Search code examples
gnuplotnanmissing-datainfinity

In gnuplot, with "set datafile missing", how to ignore both "nan" and "-nan"?


The gnuplot command set datafile missing "nan" tells gnuplot to ignore nan data values in the data file.

How to ignore both nan and -nan? I tried the following in gnuplot, but then the effect of the first statement is overwritten by the next.

gnuplot> set datafile missing "-nan"
gnuplot> set datafile missing "nan"

Is it possible to somewhow embed a grep -v nan in the gnuplot command, or even some kind of regexp to exclude any imaginable non-numerical data?


Solution

  • It is not possible to use a regexp for set datafile missing, but you can use any program to filter you data before plotting, and replacing a regexp with one character, e.g. ? which you set to mark a missing data point.

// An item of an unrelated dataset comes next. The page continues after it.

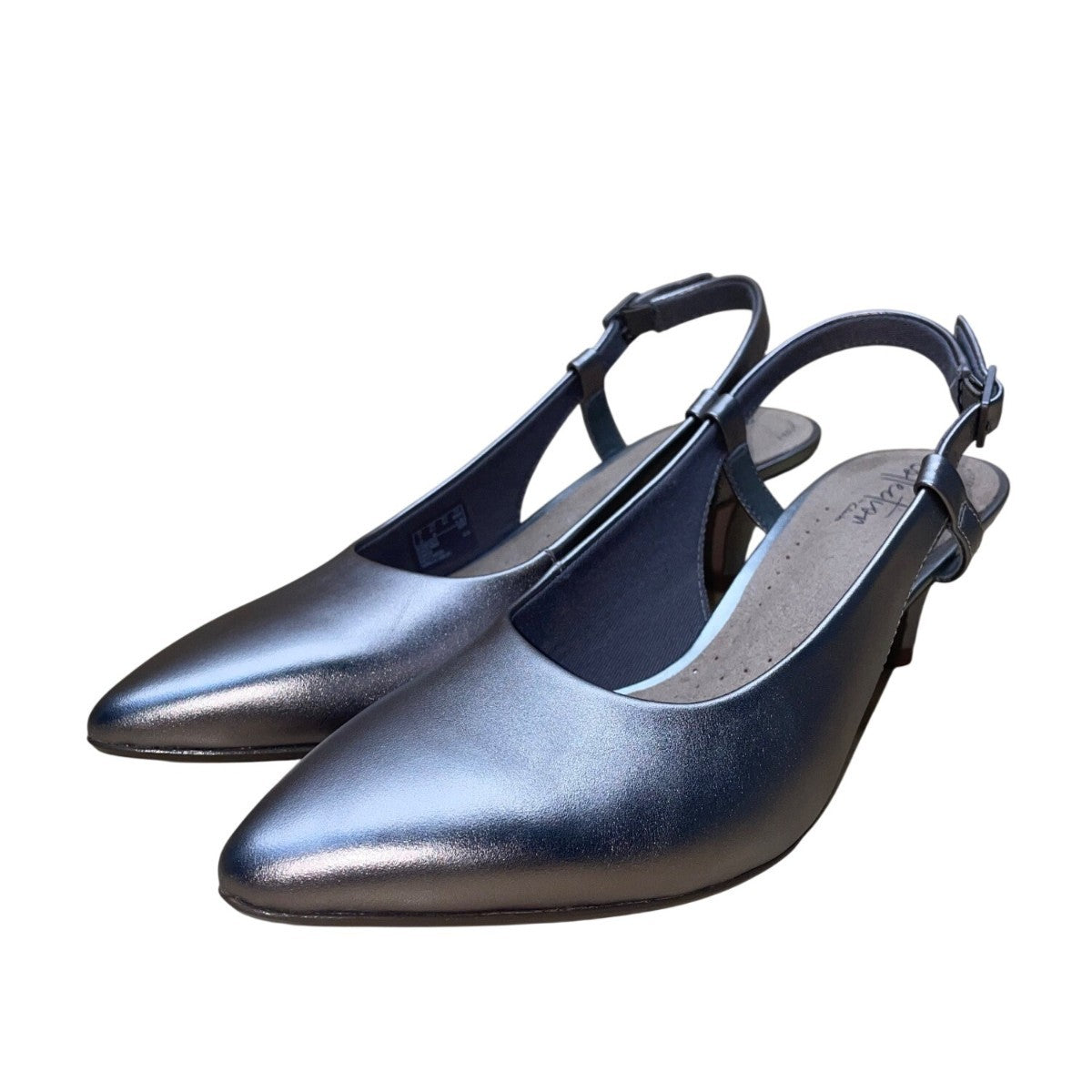 Clarks Women’s Gray Pewter Linvale Loop Slingback Heels Size 9.5M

    Here is an example which accomplishes, what you originally requested: filtering -nan, inf etc. For testing, I used the following data file:

    1 0
    2 nan
    3 -inf
    4 2
    5 -NaN
    6 1
    

    And the plotting script may look like the following:

    filter = 'sed -e "s/-\?\(nan\|inf\)/?/ig"'
    set datafile missing "?"
    set offset 0.5,0.5,0.5,0.5
    plot '< '.filter.' data.txt' with linespoints ps 2 notitle
    

    This gives the following output:

    enter image description here

    So the plot command skips all missing data points. You can refine the sed filter to replace any non-numerical values with ?, if this variant is not enough.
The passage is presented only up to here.